As seen in Figure 2C and 3C, power mandrel assembly 142 includes lower adapter 144 having a lower external threaded pin end 146 for connection with pipe string 30 or an adjacent tool such as seal assembly 36 which may be located below tool 34. Bore 44, which may also be referred to as flow passage 44, extends through the various members of power mandrel assembly 142. Lower adapter 144 is connected to the lower end of lower power mandrel 148 of power mandrel assembly 142 at threaded connection 150 with a seal being provided therebetween by o-ring seal 152. A bypass port 154 is disposed through the side wall of lower power mandrel 148. Lower power mandrel 148 has a cylindrical outer surface 156 which is closely received within cylindrical inner surface 158 of rotatable sleeve case 108.
Bypass sleeve 160 is also closely received about outer surface 156 of lower power mandrel 148 and has upper and lower sliding o- rings 162 and 164, respectively, therebetween. Bypass sleeve 160 may be attached to rotatable sleeve case 108 by a set screw 166 received in groove 168 of rotatable sleeve case 108. It will be appreciated that when housing 42 moves downward relative to power mandrel assembly 142, lower seals 164 will move below bypass port 154 to close bypass port 154. As shown in Figure 3C, bypass port 154 is in an open position when the spherical valve member 114 is in its closed position and as seen in Figure 2C, bypass port 154 is in its closed position when spherical valve member 114 is moved to its open position.
Tool 34 is normally run into wellbore 40 with the spherical valve member 114 in its closed position as shown in Figure 3. Seal assembly 36 is located immediately below tool 34 and fits closely with the inner surface of wellbore 40. It is desirable to have a bypass means for allowing fluid in bore 44 below the closed spherical valve member 114 to bypass seal assembly 36, thus preventing a piston type effect opposing the downward motion of test string 30 into wellbore 40. Bypass port 154, when opened, allows flow from the lower portion of bore 44 outward through bypass port 154 into wellbore 40 above string assembly 36. When the weight of drill string 30 is set down on seal assembly 36, bypass port 154 will be held open by the time delay action until after seal assembly 36 is set. This allows seal assembly 36 to be set without any differential pressure there across in wellbore 40. After seal assembly 36 is set, bypass port 154 will be closed. After bypass port 154 closes, spherical valve member 114 opens.
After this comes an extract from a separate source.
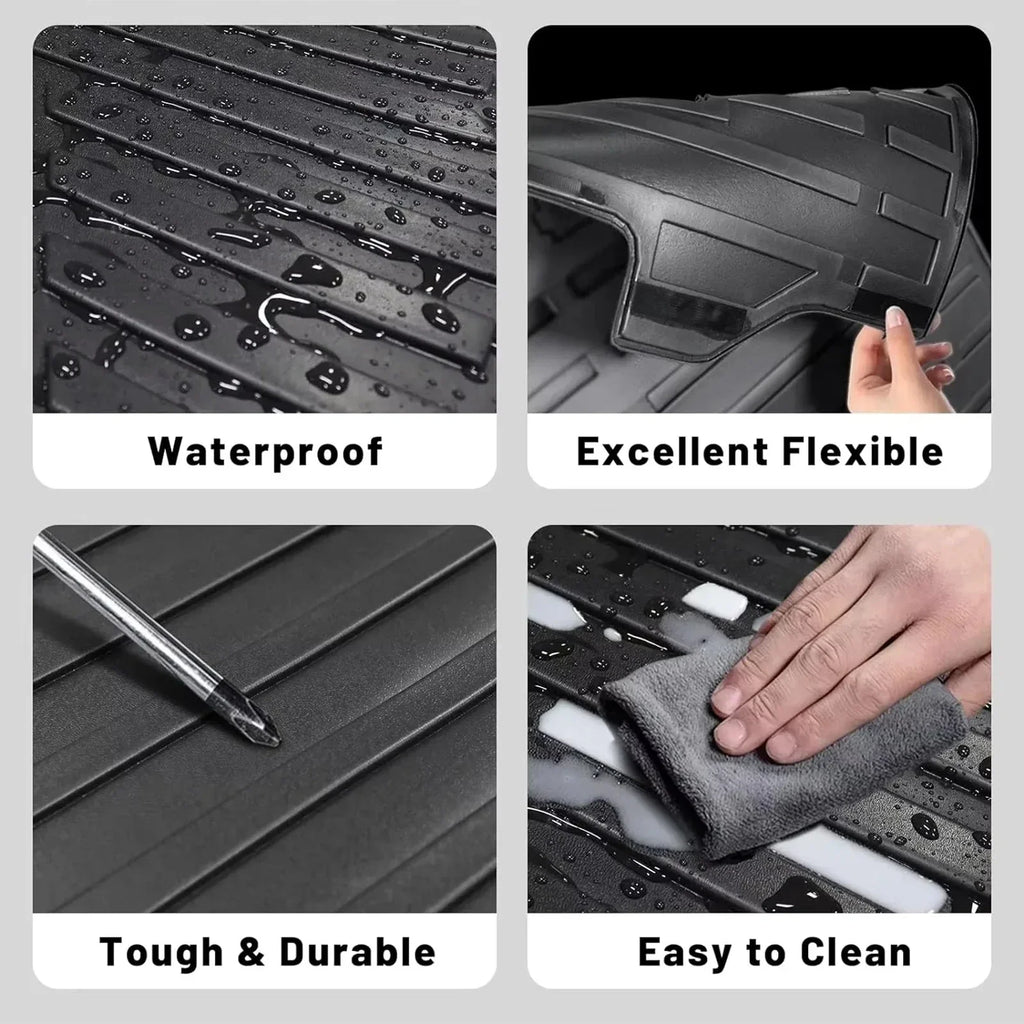 for ROX 01 / Polestone 01 2023 2024 2025 2026 Eco-Friendly TPE Car Floor Mats & Trunk Mats, All-Weather Protection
Alternatively, bypass sleeve 160 may be positioned as shown in Figure 3C but without set screw 168 so that once housing 42 moves downward relative to power mandrel assembly 142, bypass sleeve 160 covers bypass port 154. Subsequently, upon moving housing 42 back upward relative to power mandrel assembly 142, the frictional engagement of upper and lower sliding o- ring seals 162 and 164 with the exterior surface 156 of lower power mandrel 148 will cause bypass sleeve 160 to be frictionally held in a closed position thereafter. In a third alternative, bypass sleeve 160 may be initially disposed about bypass ports 154 such that upper sliding o-ring seal 162 is above bypass pores 154 and lower sliding o-ring seal 164 is below bypass pore 154. In this arrangement, the frictional engagement of upper and lower sliding o- ring seals 162 and 164 with the exterior surface 156 of lower power mandrel 143 causes bypass sleeve 160 to permanently be frictionally held in a closed position.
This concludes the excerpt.